Dabei hat Da Ponte das »göttliche Genie« Mozarts längst erkannt. Nur beobachtet er auch, dass Mozart es aufgrund der Ränkespiele seiner Feinde in Wien von Anbeginn an nicht leicht hat. Doch eine Zusammenarbeit mit dem Ausnahmekomponisten reizt ihn sehr.

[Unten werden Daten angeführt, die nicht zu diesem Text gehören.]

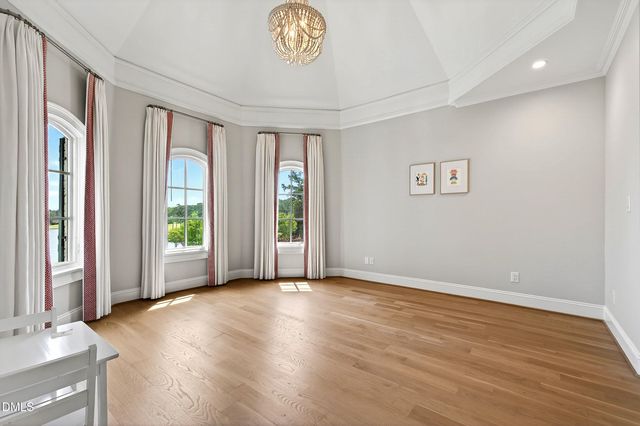 1404 Rock Dam Court, Raleigh, NC 27615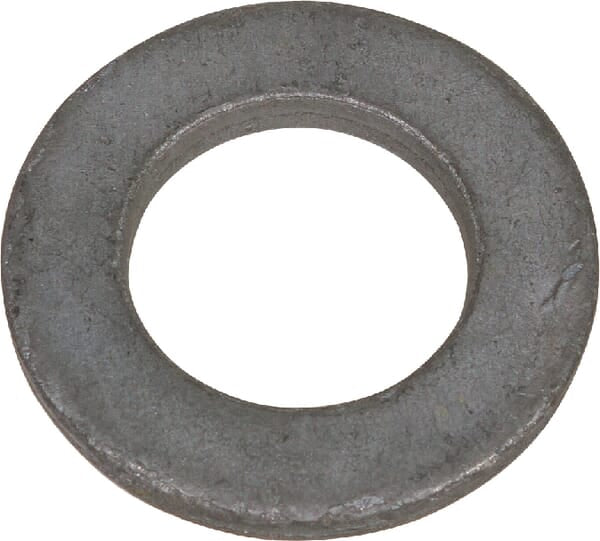 Överum Unterlegscheibe - 4734118607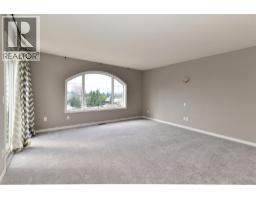 1412 Lawrence Avenue, Kelowna, British Columbia  V1Y 6M8 - Photo 12 - 10397354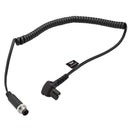 Bolt PP-1000S PocketMax Power Cable for Select Sony Flash Units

Ich sehe die beiden wie geschaffen füreinander und bin mir sicher, dass sie das schon begriffen haben, als sie noch umeinander herumschlichen. Beide sind Freigeister, die sich über Konventionen stets hinwegsetzen, Spielernaturen mit einem Hang zum Risiko, sinnliche Lebemänner, garantiert nicht nur in ihrer Arbeit exzessiv und zudem als höchst selbstbewusste Künstler in der Niemandswelt zwischen Adel und Bürgertum zuhause.